After Kevin Brown’s mother began to lose her hearing, him and his wife, Callie, invested their time into creating a business to benefit the hard-of-hearing community in 2014.
Their Midlothian-based business, Southern Star Technology, installs magnetic wire in a room where induction allows the telecoil in a hearing aid to pick up direct sound coming from a microphone. They were also recently featured in Dallas Voyage magazine for their ingenuity.
“Basically it’s a loop of wire that’s tied to a driver, which in turn is tied to the sound system or a microphone, just the sound source,” Kevin explained. “You have to have a sound source that’s fed into the loop driver, then the driver feeds the loop.”
The loops can be installed on the floor, under the ground, on the ceiling, basically anywhere. They also have a counter loops and portable loops. This is ideal for communication with a person at a counter, say at a ticket booth, picking up a prescription or at an airport counter. They have even come out with ceiling tiles, rugs, chair pads and tables that have loops in them.
Southern Star Technology is one of two installers in North Texas, with the majority of their work completed in Tarrant and Dallas County and now Louisiana. They mentioned that they’ve never installed loops in Ellis County but would love to serve the local hearing-impaired community.
When Kevin’s mother lost her hearing in 2009, they started embedding themselves in the hearing impaired community, joining the Hearing Loss Association of America’s (HLAA) North Texas chapter in Ft. Worth.
During one of the HLAA meetings, the room was looped with the magnetic wiring, creating a better communication experience for the members. This was the first time the Brown’s were introduced to this concept.
“It’s amazing to see people who have experienced it for the first time,” Callie said. “Every time we install one in a church we go to the Sunday morning service to make sure everything is okay and talk to the people, and that’s when we get the feeling that this is what we were meant to do.”
Callie told a story of how one man was deeply impacted by his church being looped. A man was able to bow his head for the first time in church to pray instead of having to read the lips of the pastor since the message was being directly looped to his hearing aid.
“It will break your heart in a good way,” Callie said.
Looping is ideal for churches, movie theaters, senior centers — really anywhere there’s a public address system. Callie explained looping allows ambient noises that can be distracting go away and allows a person to be able to focus their hearing on what’s being spoken into the microphone.

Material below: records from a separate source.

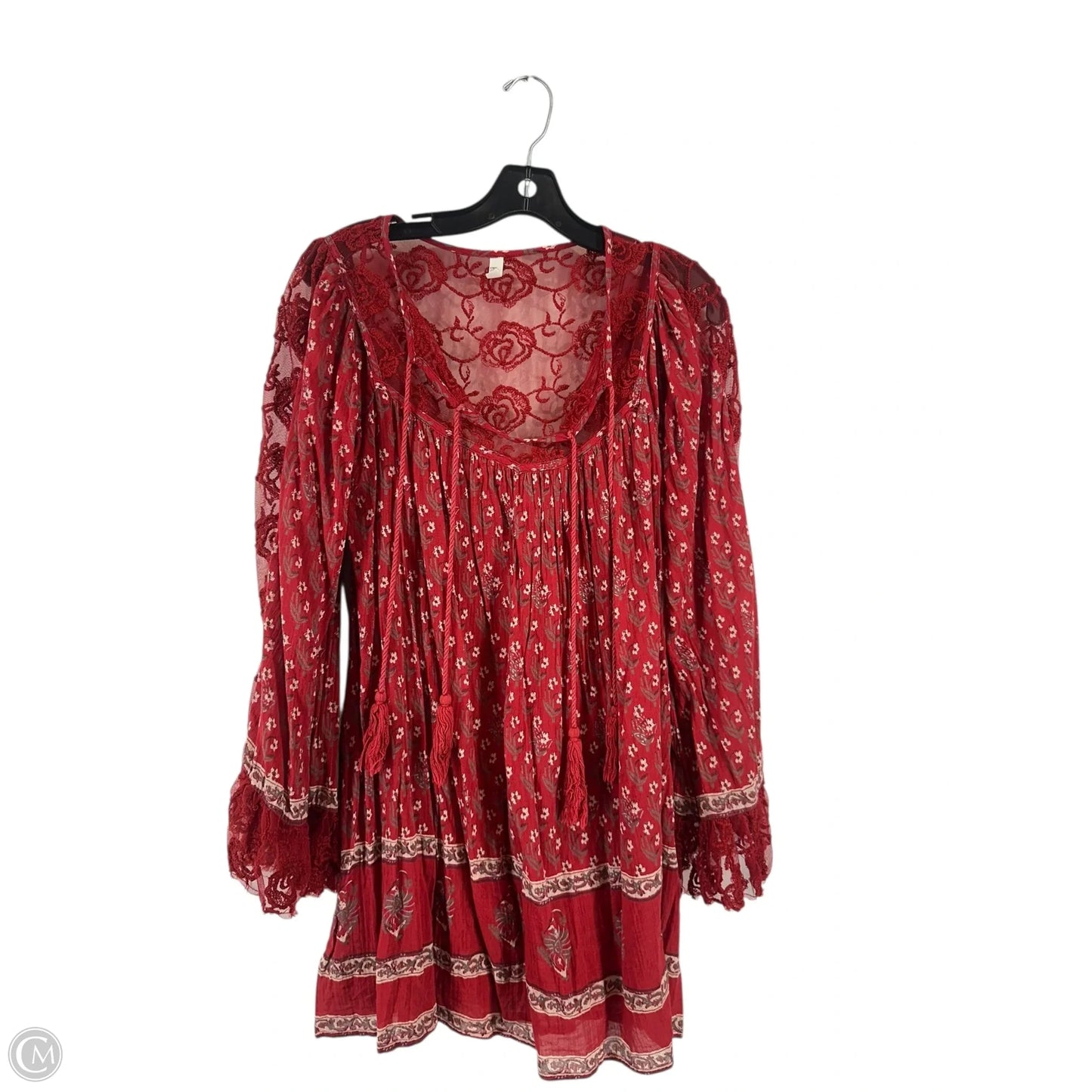 Tunic Long Sleeve By Free People In Red, Size: Xs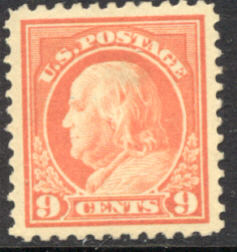 509 9c Franklin, salmon red, Unused OGMinor Defects #509ogmd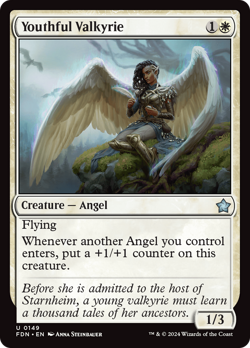x4 Youthful Valkyrie FDN Foundations MTG 149 UNCOMMON M/NM 4x - Image 1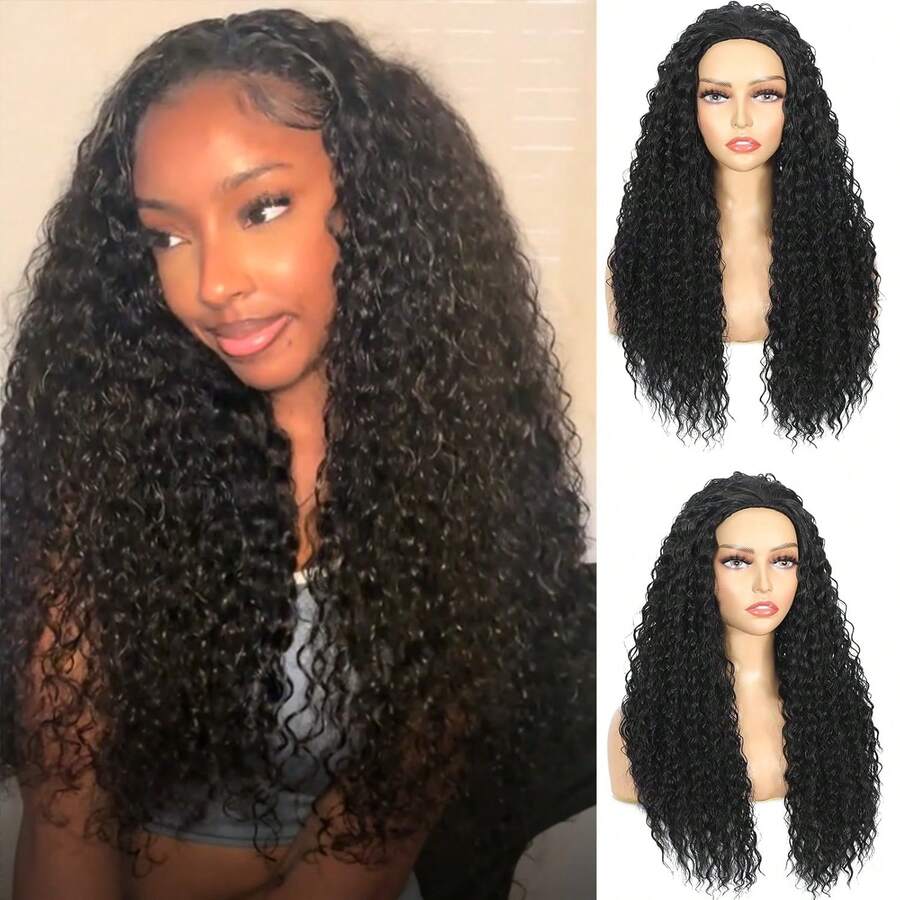 ZHENDEFA Half Wig Human Hair Water Wave Half Wig 3 In 1 Glueless Wigs Wear And Go Wigs Seamless Flip Over With Drawstring Beginner Friendly Curly Wig Headband Wig For Women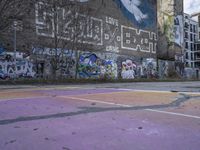 a basketball court in front of a building has graffiti on it with the words'harlem alley all over the wall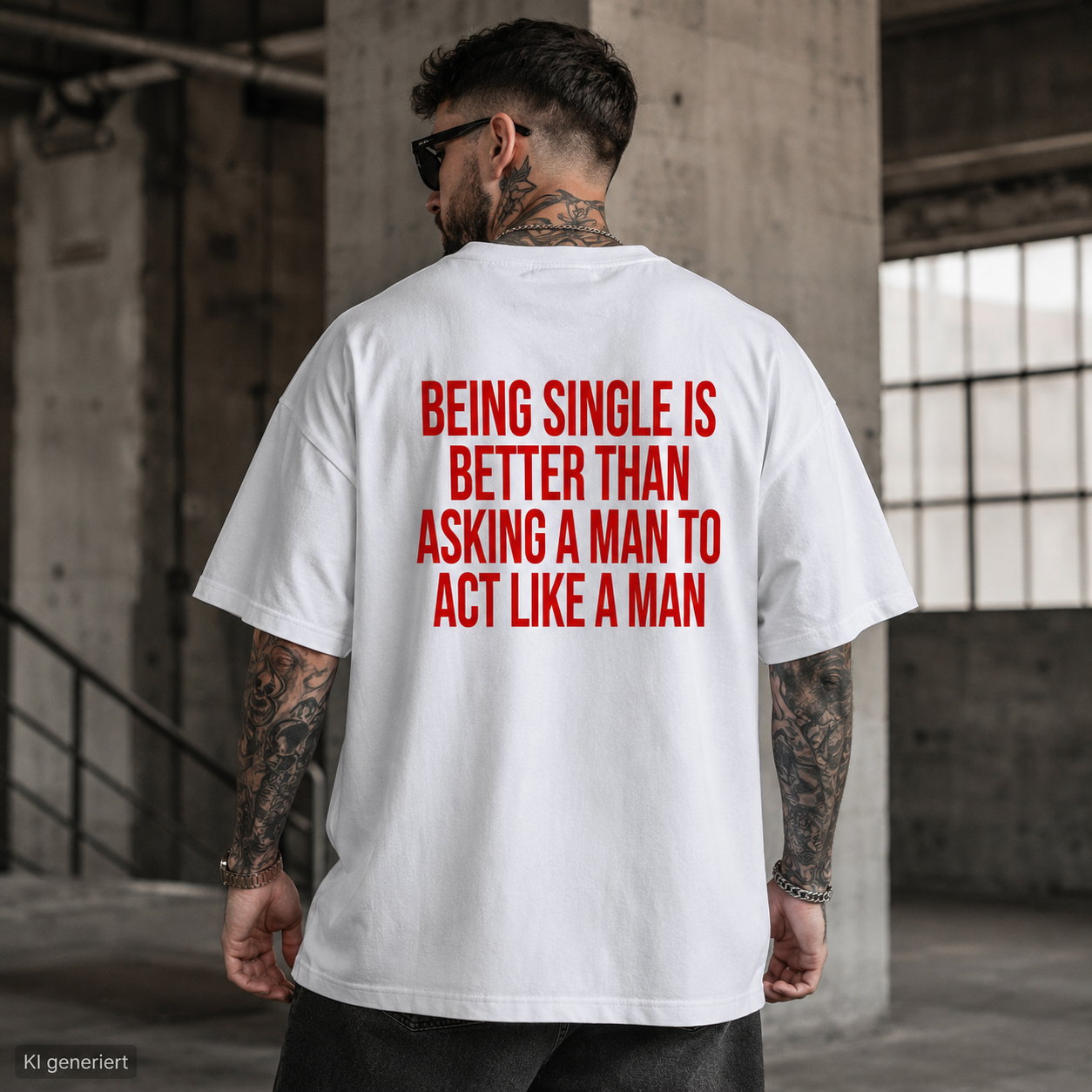 BEING SINGLE IS BETTER THAN ASKING A MAN TO ACT LIKE A MAN – Schwarzes Oversize T-Shirt Unisex mit rotem Backprint | Statement Shirt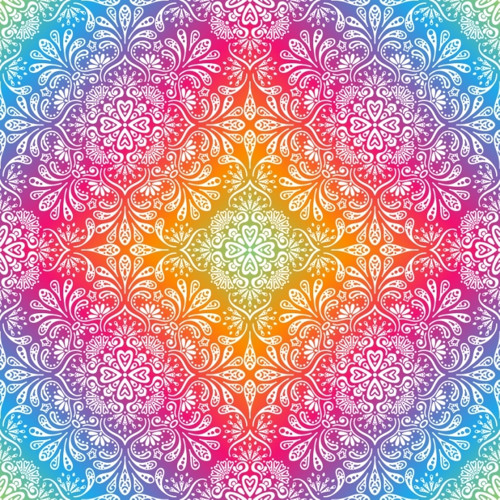 Panel 25x25cm Duhová mandala — foto 1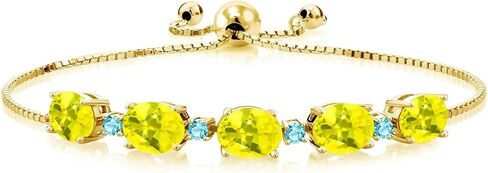 سوار من الفضة المطلية بالذهب الأصفر عيار 18 قيراط من Gem Stone King 8.12 قيراط من التوباز الصوفي الكناري والتوباز الأزرق السويسري للنساء | سوار بولو قابل للتعديل للنساء | سهل الارتداء والخلع in Saudi Arabia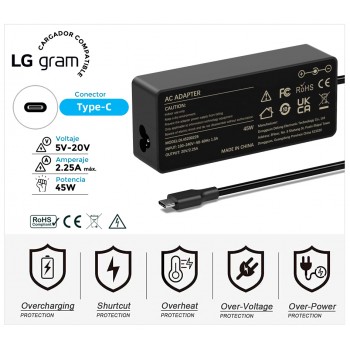 CARGADOR LG COMPATIBLE USB-C 45W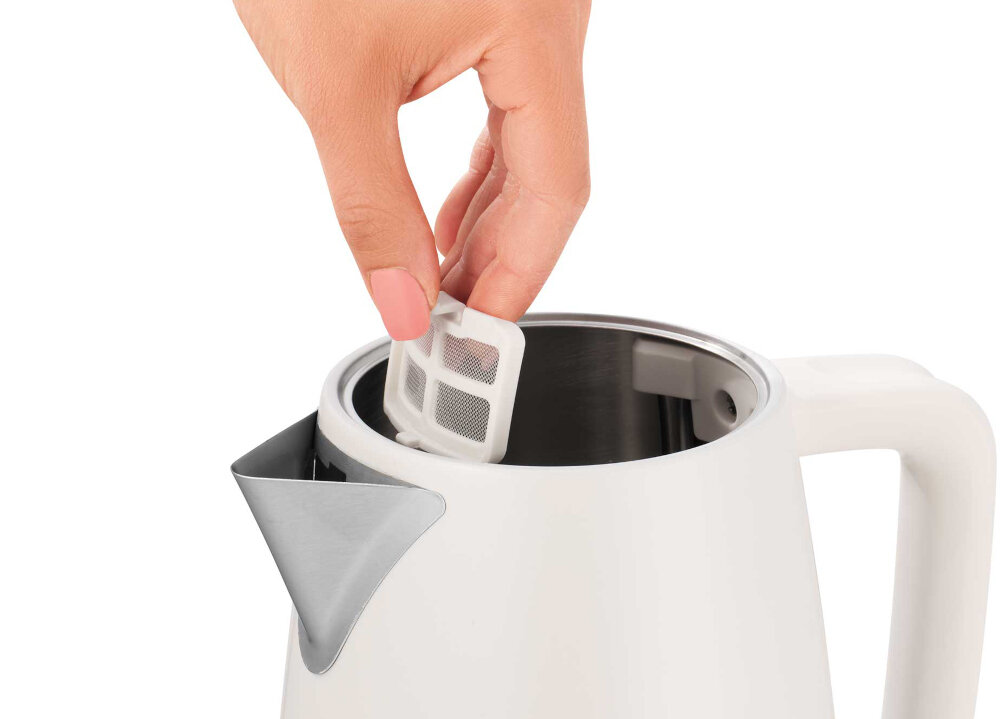 Czajnik SENCOR SWK 1780WH Czysta woda Wyjmowany filtr łatwo umyć zatrzymuje kamień i zanieczyszczenia woda zachowuje świeżość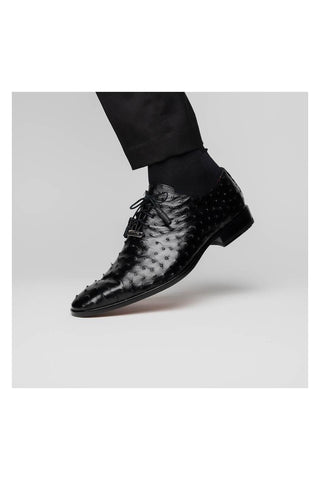 Marco Di Milano Criss Black Exotic Ostrich Quill Oxfords (MDM1073)
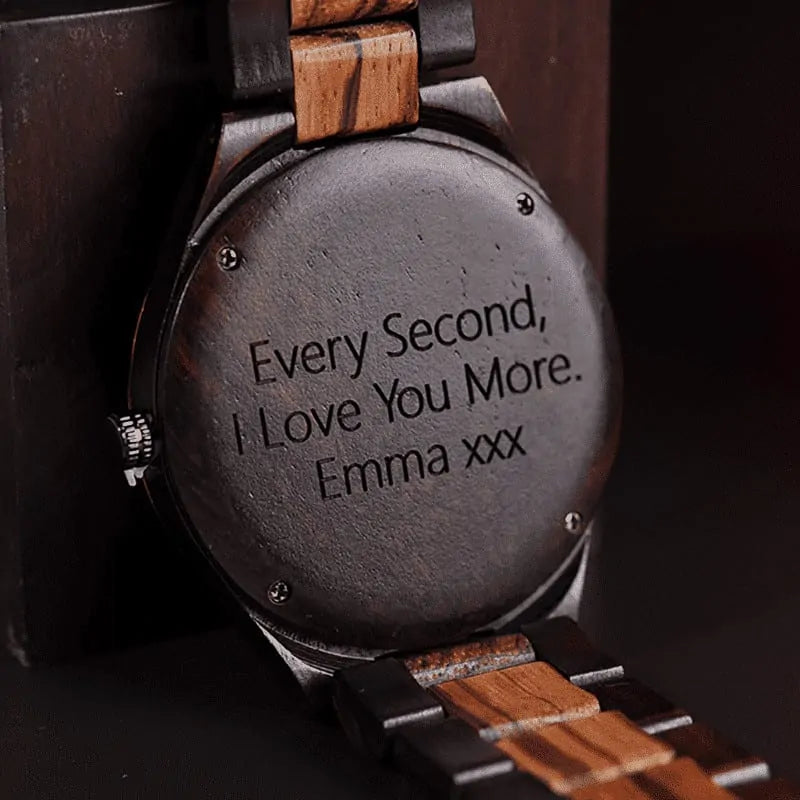 Hand-finishing a wooden watch in the Forest workshop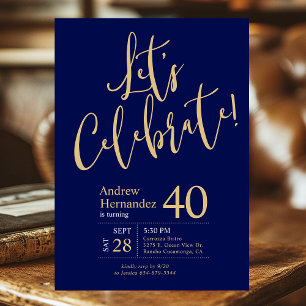 Invitation Célébrons la photo d'or bleu marine 40e anniversai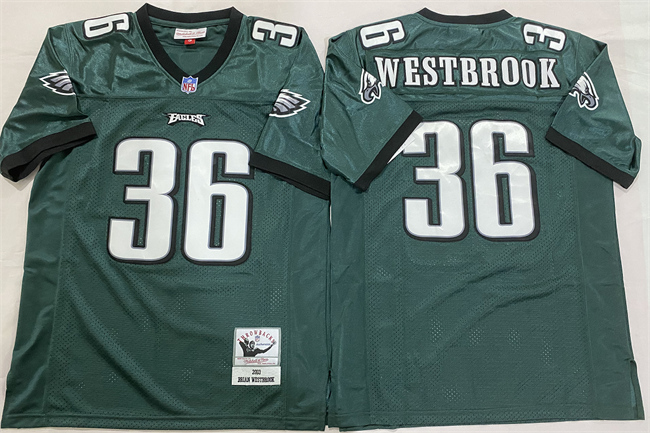 Men's Philadelphia Eagles #36 Brian Westbrook Green Throwback Stitched Football Jersey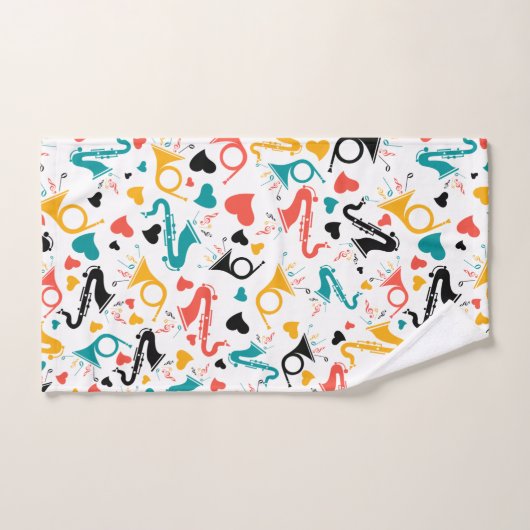 Farbenfrohe Musikinstrumente Note & Herz Muster Badhandtuch Set (Handtuch)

“When you have a hearing aid, what they tell me is you can hear people wrestling with papers because you’ve got a small area that — you turn it [hearing aid] up and all those noises go up. But with a hearing loop all that’s diminished,” Callie explained.
Their company offers other products to assist hearing like inferred (IR), radio frequency (RF) and the magnetic induction (looping). Kevin explained what sets the looping apart from the IR and RF is that “Hearing loops are the only one that doesn’t require the user to wear an external device.”
Kevin said he tries his best to sell the looping over the other products because, for the user, the looping method brings comfort and normalcy.
The Browns are heavily involved with the HLAA and give five percent of their revenue back to the organization.
They said their dream would be to place the counter loops at pharmacies and local businesses in their own backyard in Midlothian.